The University of Miami’s Shalala Student Center. (University of Miami)

In an era often described with language of disruption and discord, much has been written about the special role universities can play to advance civil society. This typically centers on the way we build campus communities — to expand educational opportunity for students regardless of income, to ensure our campuses remain places for open and honest debate, and to support scholarship that pushes forward our understanding about the most consequential challenges of our times.

At the University of Miami and many similar institutions, we are aggressively pursuing all of these actions. But I believe we must go beyond measures on our own campuses to consider institutional communities across geographic and political borders.

The higher calling for higher education in an era of instability is to chart a bold new course for institutional collaboration. By working across borders, universities can advance resilient, boundary-spanning solutions to our world’s shared problems. Institutional alliances can also serve as models for civil society that may elude national leaders. I believe structural collaboration will ultimately inform our ability to collaborate as individuals.

At Miami, we have begun. In April, a cadre of leaders from 10 top-rated universities across the Americas gathered at the University of Miami to sign an accord forming the first academic consortium spanning the hemisphere. This agreement has profound potential to advance the ways we address global problems by engaging cultural and intellectual resources across Latin America, the Caribbean, Canada and the United States.


University of Miami President Julio Frenk (University of Miami)

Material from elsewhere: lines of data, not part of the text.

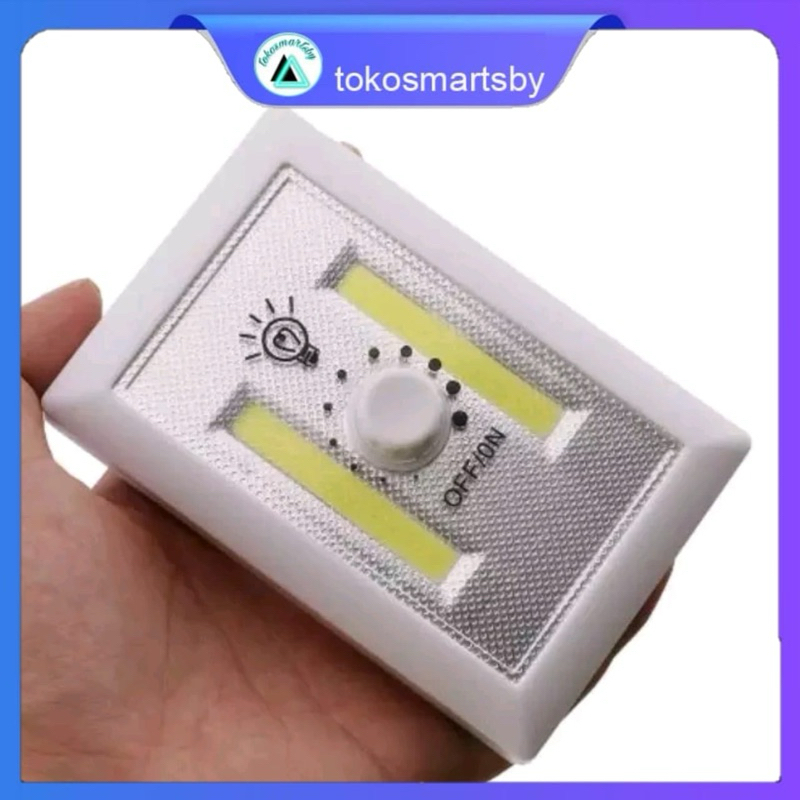 Lampu LED Tempel Dinding + Magnet - model Dimmer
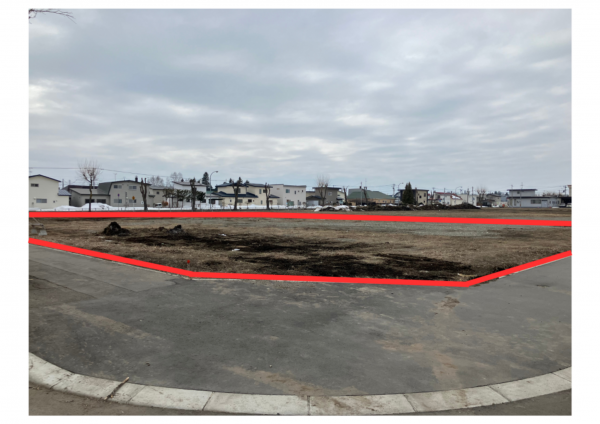 帯広市大空町、土地の画像です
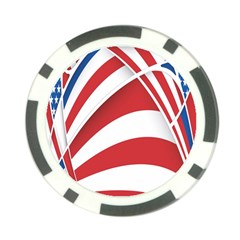 American Flag Star Blue Line Red White Poker Chip Card Guard (10 Pack) by Mariart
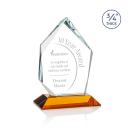Boone Ice Peak Amber Crystal Trophy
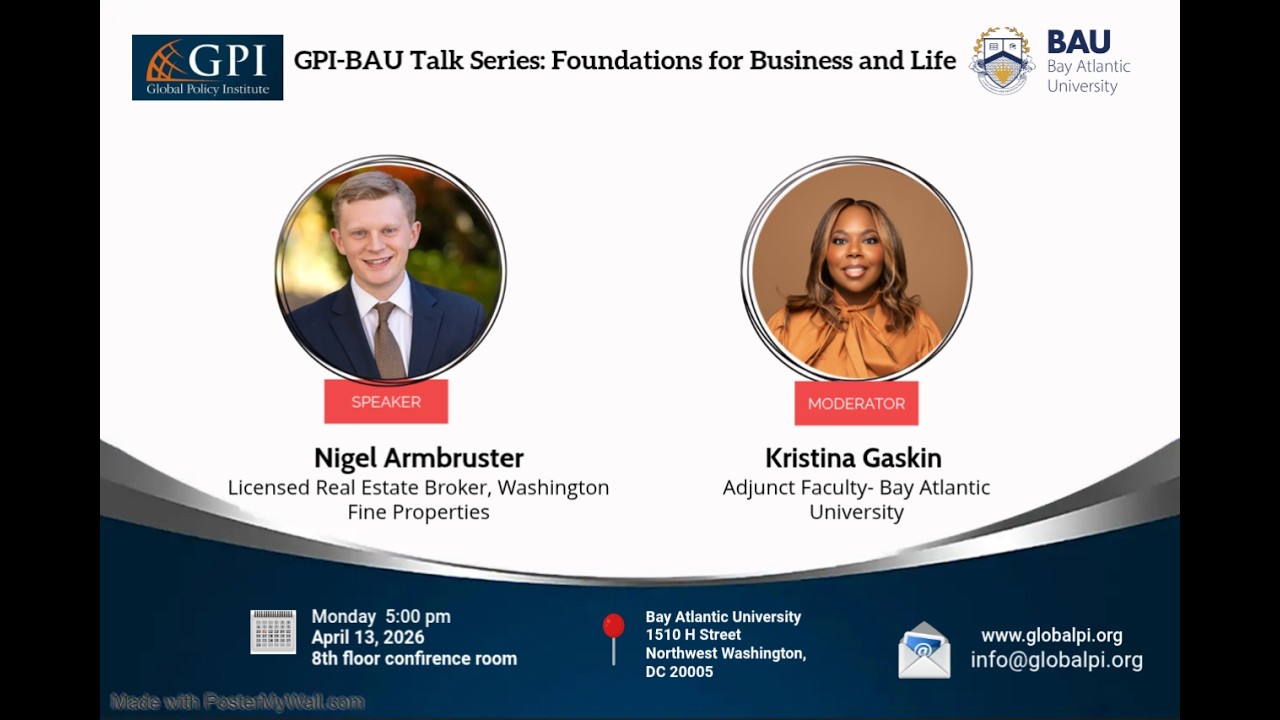 GPI-BAU Talk Series: Foundations for Business and Life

The founding universities taking this step together are the University of São Paulo; Pontifical Catholic University of Chile; the University of Andrés Bello (Chile); the University of the Andes (Colombia); the University of Costa Rica; the University of the Americas Puebla (Mexico); the Monterrey Institute of Technology and Higher Education (Mexico); Cayetano Heredia University (Peru); the University of the West Indies; and the University of Miami. We hope others will join in the future.

At this historic meeting, leaders of the Hemispheric University Consortium identified key ways to begin our work together. These strategies include increasing exchange of students, faculty and researchers across national borders; addressing the lag of technological innovation in Latin America; and working together to address public health problems, climate change, urban resilience, crime, corruption and other challenges that threaten the collective prosperity and security of the hemisphere. There was a clear acknowledgment that our institutions must find new ways to create knowledge, build understanding and find solutions, and that our future is an interdependent one.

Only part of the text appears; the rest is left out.